Tag Archives: scripting

Xenserver SSH backup script

Citrix Xenserver is an amazing hypervisor with pretty much every function released to you for free. One thing they do not handle, however, is automated backups.

I have hacked together a backup script for myself that seems to work fairly well. It is my own mix of this and this script along with some logic for e-mail reporting that I came up with myself. It does not require any modification of the xenserver host at all (no need to mount anything!) with the exception of adding a public key to the xenserver’s authorized_keys file.
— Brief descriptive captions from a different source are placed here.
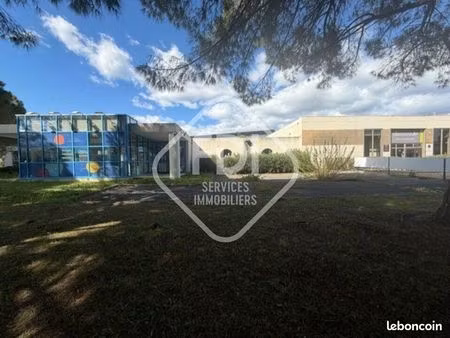 local commercial 318 m² nimes
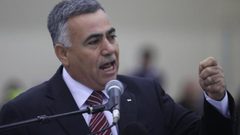 الأعرج لـ النجاح: سننفذ ما يمكن تنفيذه من مشاريع في غزة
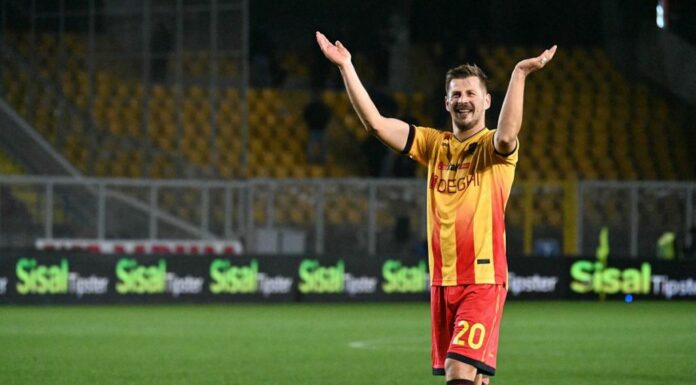 Cagliari-Lecce 0-2, tre punti salvezza per i salentini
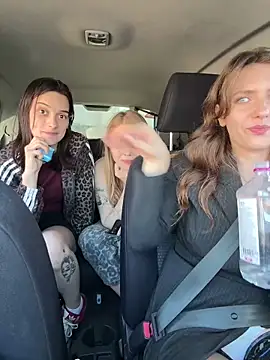 Snapshot of MariiD chatting on 04/01/26, 01:41 MariiD online show from 04/01/26, 01:41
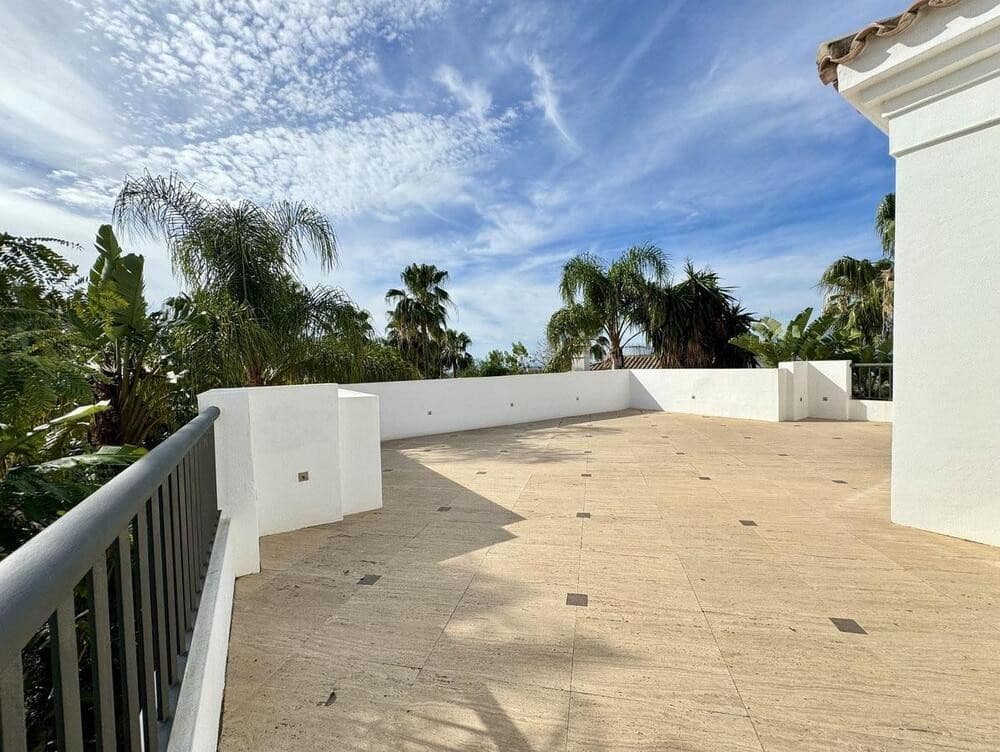 4 soveværelse Villa til salg i Marbella med swimmingpool garage - € 2.650.000 (Ref: 7669247)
This script can be run on anything with BASH and the appropriate UNIX tools (even other xenservers if you want) and uses SSH to initiate and transfer the backups to a location of your choosing.

Place this script on the machine you want to be initiating / saving the backups on. It requires that you generate an SSH public/private key pair, which can be done with this command:

ssh-keygen

Add the resulting .pub file’s contents to your xenserver’s /root/.ssh/authorized_keys file (create it if it doesn’t exist.) Take note of the location of the private key file that was generated with that command and put that path in the script.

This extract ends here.